Non è nuova al cinema la formula dell'intreccio tra coppie, un espediente sempre efficace per mettere a confronto diversi approcci, più o meno opportuni, più o meno devastanti, all'amore e alle sue conseguenze. Una costruzione del genere deve quindi fondarsi su personaggi ben strutturati, veri, che sappiano rappresentare una tipologia, ma senza ricalcarla in maniera troppo pedissequa. Forti anche dell'esperienza maturata negli anni in cui la storia ha spopolato a teatro prima di essere adattata per il grande schermo, il regista e gli sceneggiatori hanno lavorato bene su questo aspetto, dando vita a un gruppo di protagonisti a cui è difficile non affezionarsi e in cui è altrettanto improbabile non trovare qualcuno in grado di ricordarci noi stessi. Come è insito nella natura della commedia, qualche esasperazione macchiettistica c'è, ma tanto il cast (su cui spiccano proprio gli interpreti dei personaggi più estremi, Elisa Di Eusanio e Diego Longobardi) quanto gli autori hanno saputo tenere ben salde le redini, riuscendo a non pregiudicare la credibilità dell'insieme. In Good as You infatti si ride, ma tanti sono anche gli spazi in cui la storia si apre alla riflessione, affrontando anche argomenti spinosi, a dimostrazione di come il mondo gay non sia fatto né soltanto di lustrini e divertimento, né soltanto di conflitti familiari e incapacità di accettare se stessi, a dispetto di come un certo cinema nostrano l'abbia saputo, o voluto, descrivere.
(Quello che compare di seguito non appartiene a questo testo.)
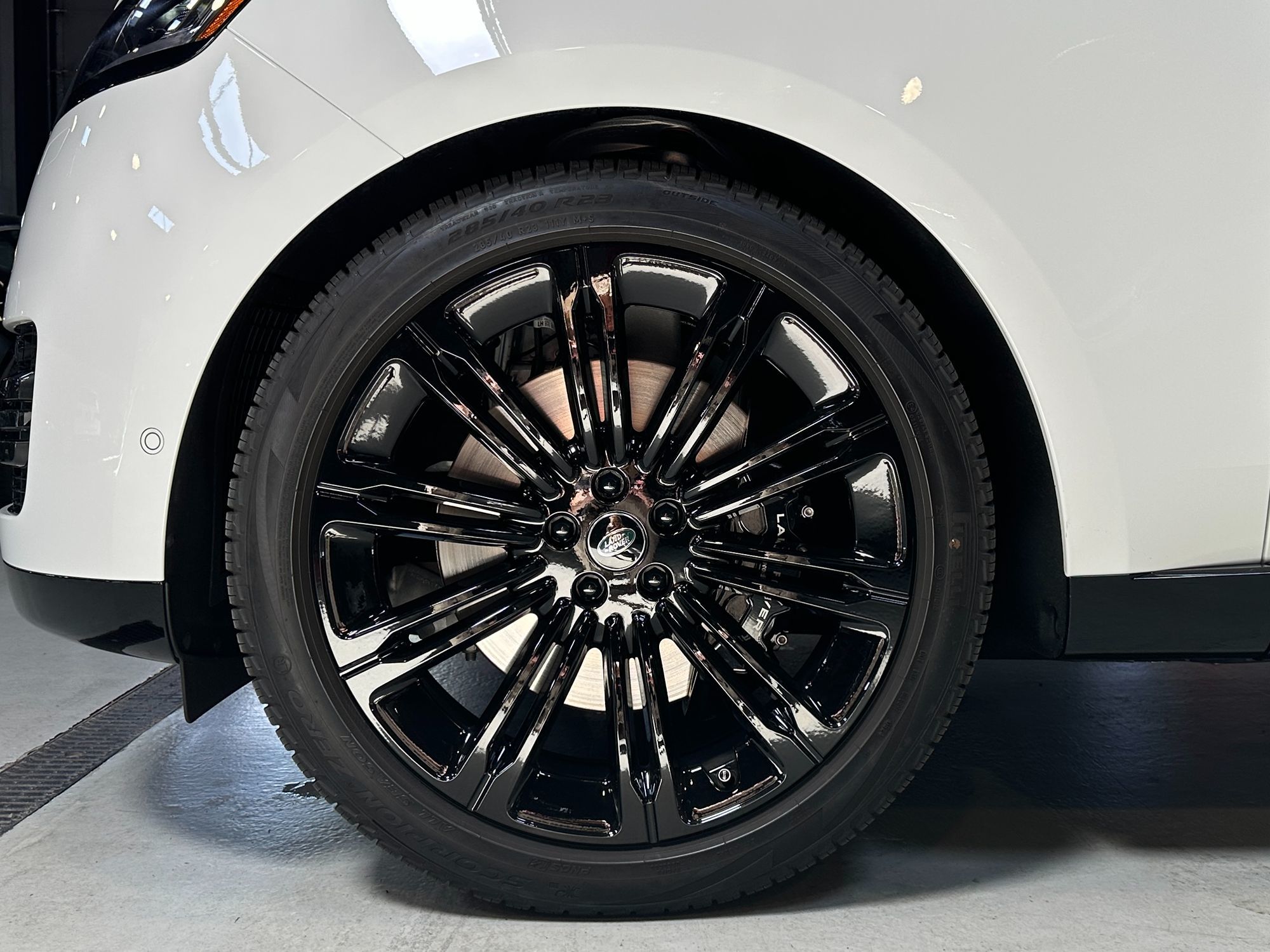 2024 Land Rover Range Rover Autobiography LWB photo 3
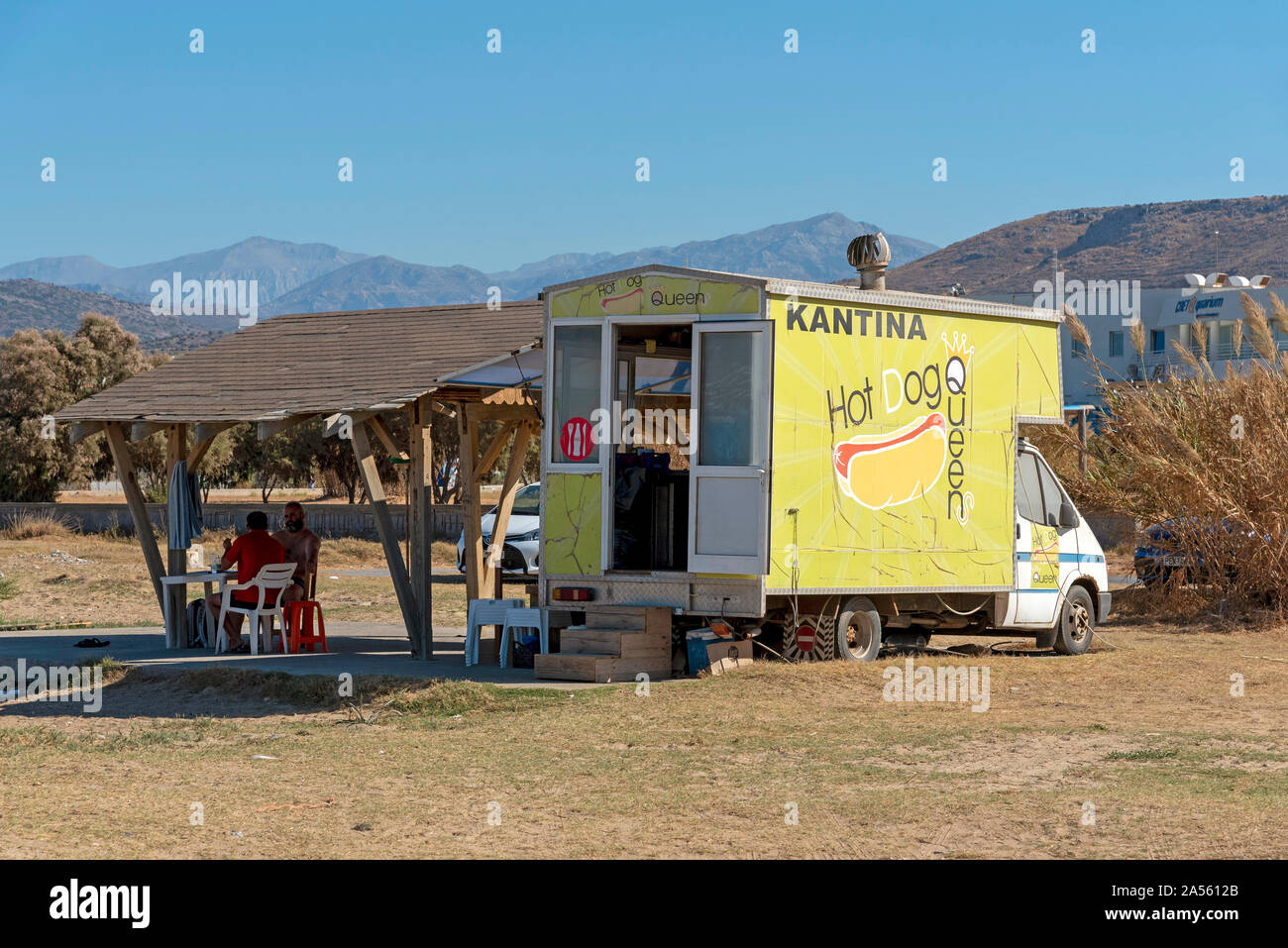 Gouves, Crète, Grèce. Oct 2019. Hot-dog et burger van à Kato Gouves, une ancienne base aérienne militaire américaine près de Herkalion. Aujourd'hui une célèbre station balnéaire Banque D'Images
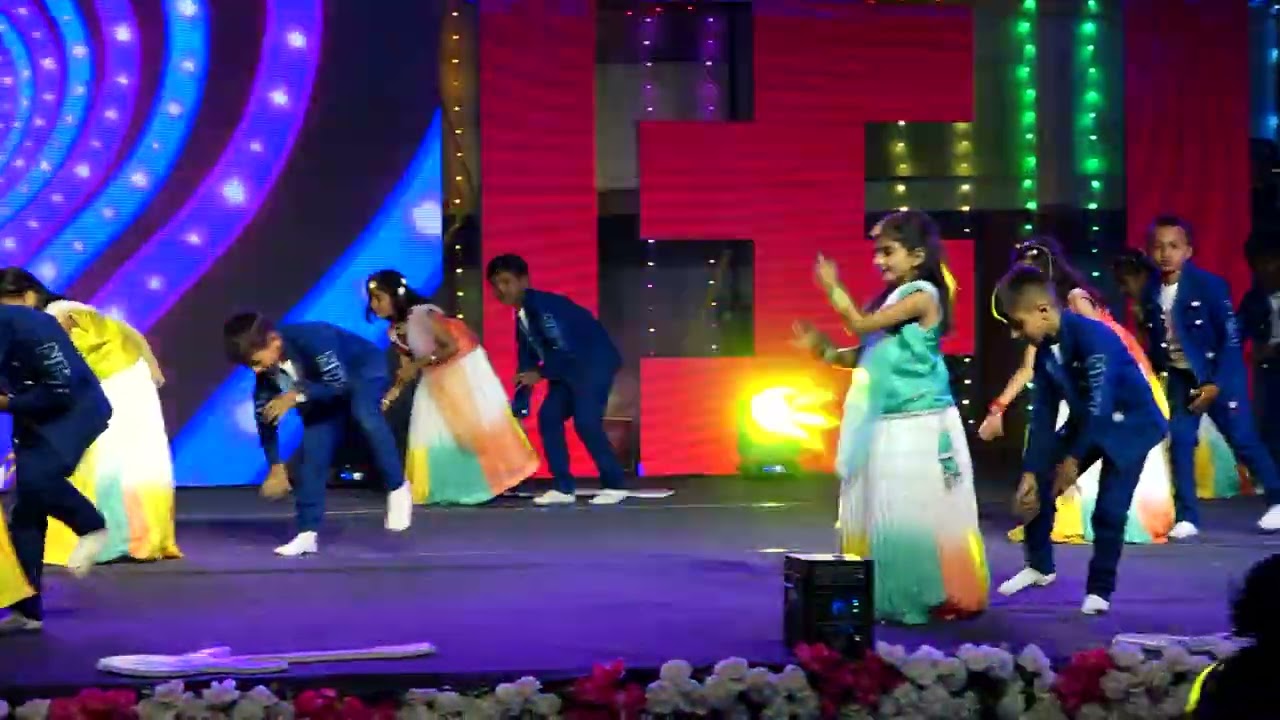 2nd Standard Children's Dance performance # Remix#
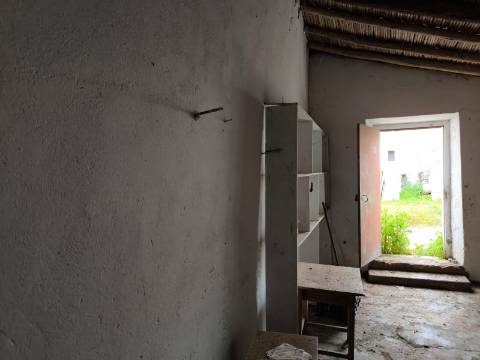 RUINA COM 105 M2 - PARA HABITAÇÃO - COM TERRENO DE 600 M2 - EM MILFRADES - VAQUEIROS - ALCOUTIM - ALGARVE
La necessità di affrontare così tanti spunti non ha forse permesso a ognuno di essi di essere trattato con sufficiente incisività, e anzi lo sforzo per dare spazio alle istanze di tutti si è tradotto, a tratti, in qualche passaggio un po' confusionario. Ciò non toglie che il film di Lamberti sia stato in grado di sdoganare la realtà gay dalla propria rappresentazione artefatta, che così spesso ci viene propinata, e di proporre un assunto semplice, seppur evidentemente non ancora recepito dai più: che non è l'orientamento sessuale a sancire la sensibilità, il valore, le possibilità di essere felice di un individuo, e che tra gay e etero, quando si parla di sentimenti, non c'è poi tutta questa differenza.